Sri Lanka is no stranger to bloodshed. In its seven-decade history as an independent nation, it has gone through long spells of violence, losing prominent leaders to suicide bombers—pioneered by the Liberation Tigers of Tamil Elam (LTTE)—and consumed by a 26-year period of ethnic strife that convulsed Sri Lankan society and tore it asunder. That dark chapter seemed to have ended in 2009, when the Sri Lankan military eliminated most LTTE fighters along with their chief, Velupillai Prabhakaran, after a protracted civil war.

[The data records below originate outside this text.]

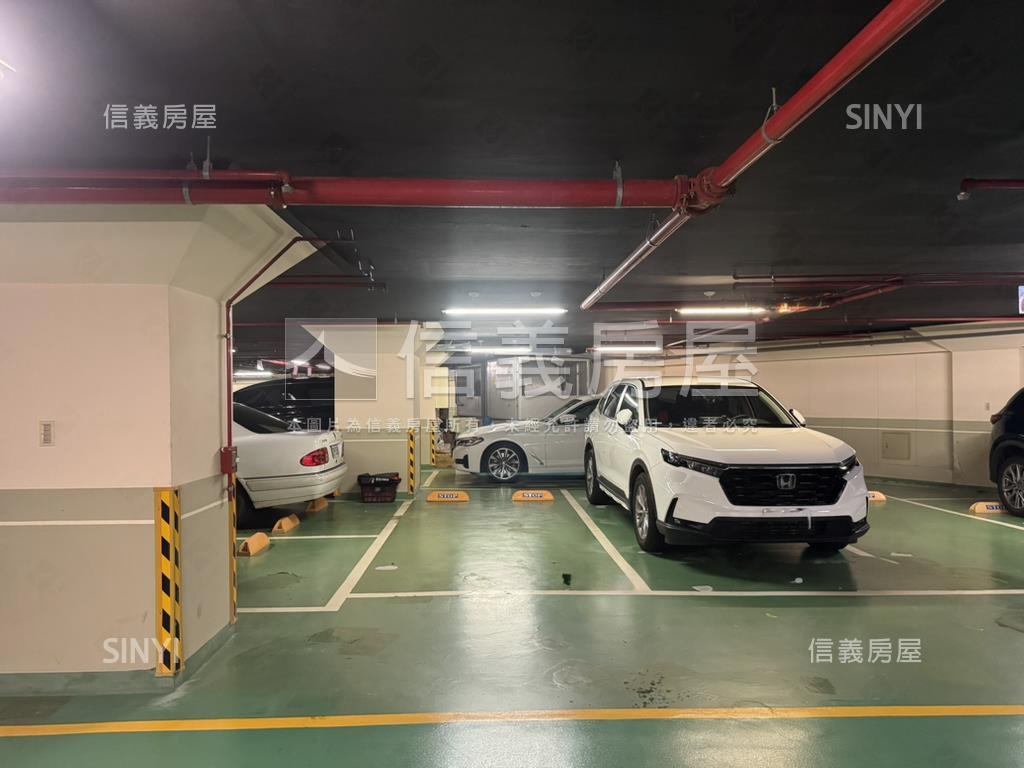 瓏山林藝術館明亮美屋房屋室內格局與周邊環境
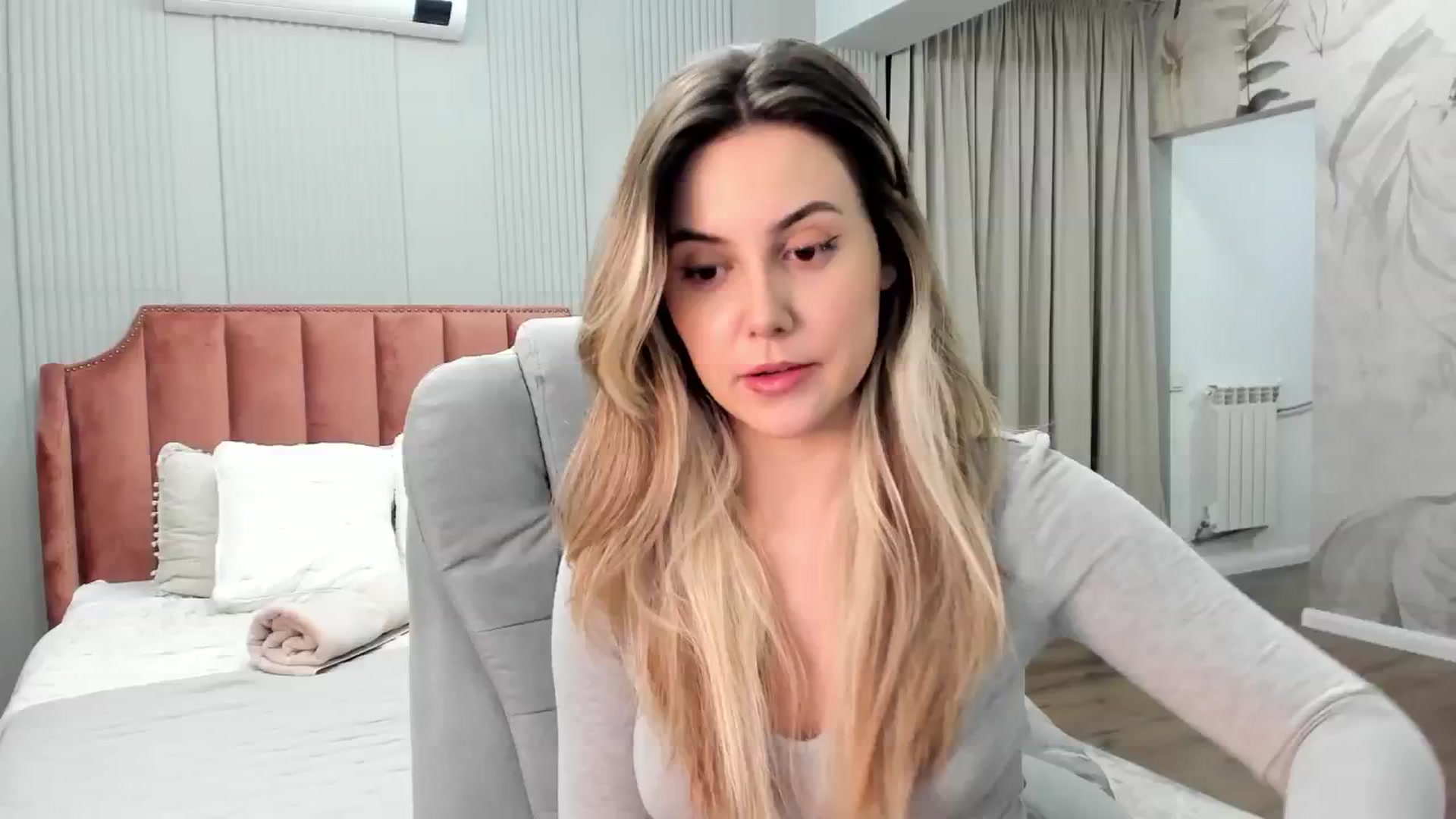Gallery image thumbnail from NellieCutest's myfreecams stream on, 01/19/2025, 22:04 image 2 of 20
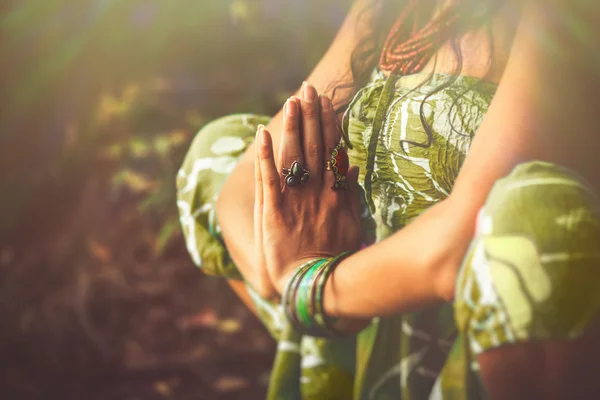 Woman in yoga position closeup — Stock fotografie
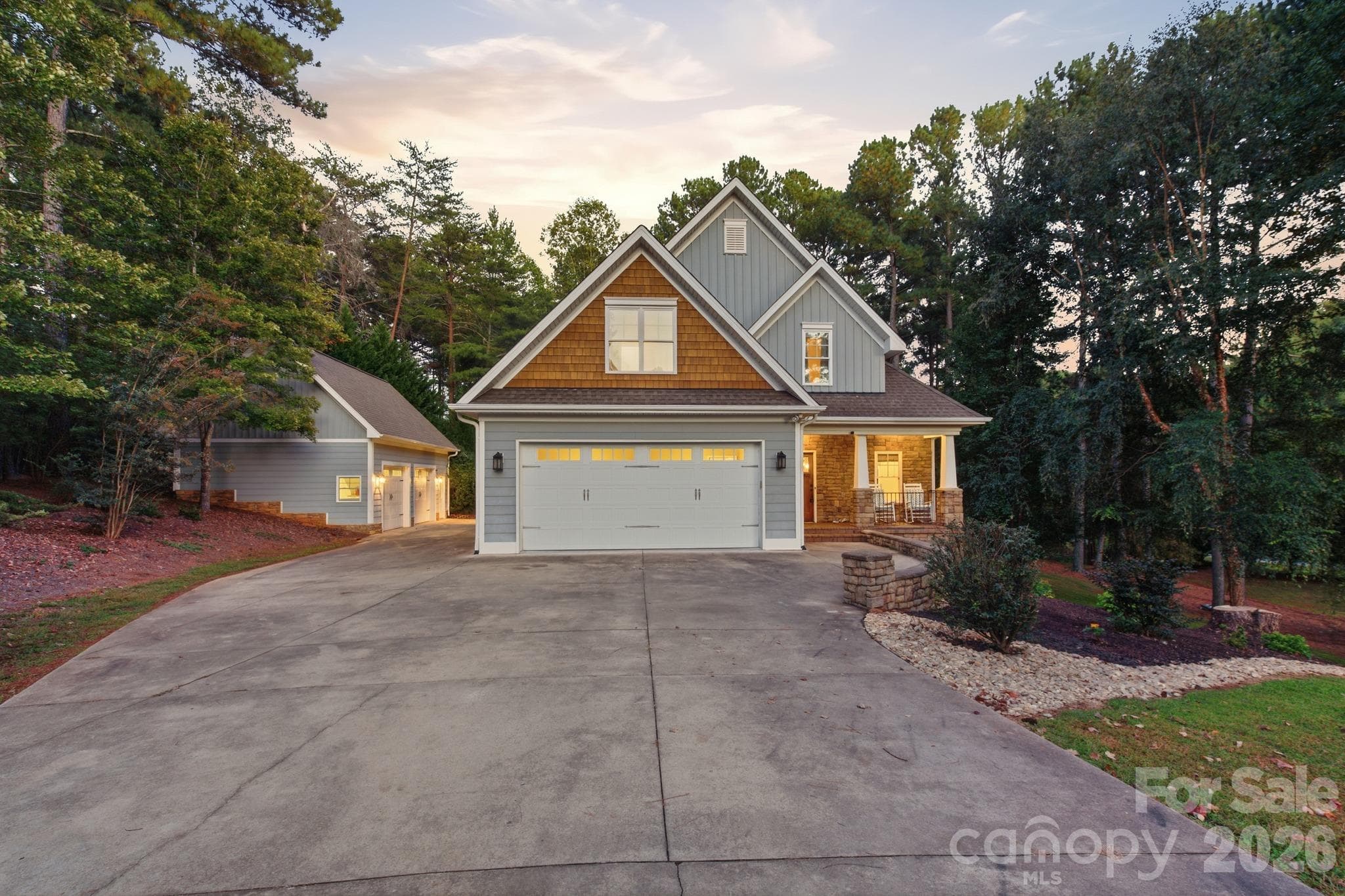5596 Bridgewater Drive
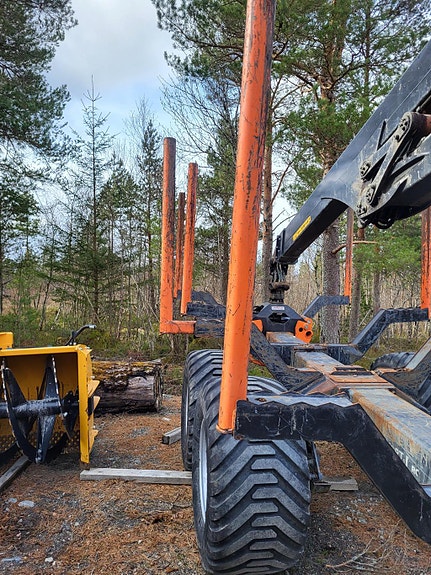 BMF 18T1 pro tonns tømmerhenger med 800 HD kran 2 of 13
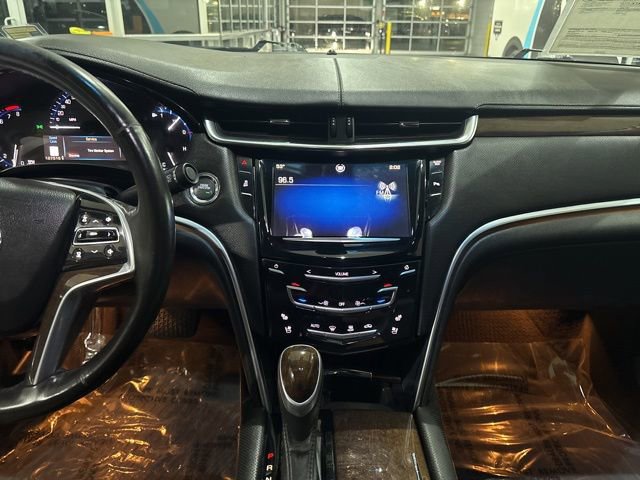Used 2013 Cadillac XTS Luxury image 18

The resultant Sinhalese triumphalism that arose from its ashes brought some ultra-nationalist Buddhist outfits to the fore. Several had been responsible for the rising communal tension between Buddhists and Muslims. Last year in Kandy, when a truck driver succumbed to his injuries following a fight with some Muslim boys, ultra-nationalist Buddhist outfits whipped up communal passion, resulting in a riot in which one Muslim was killed and several others injured as their shops and property were destroyed.
Therefore, Easter Sunday’s mind-numbing terror attacks, directed mainly at Christians, come as a surprise. Christians comprise about seven per cent of Sri Lanka’s total population (22 million). Unlike Hindu Tamils and Muslims, who have been victims of communal attacks, Christians were never a target.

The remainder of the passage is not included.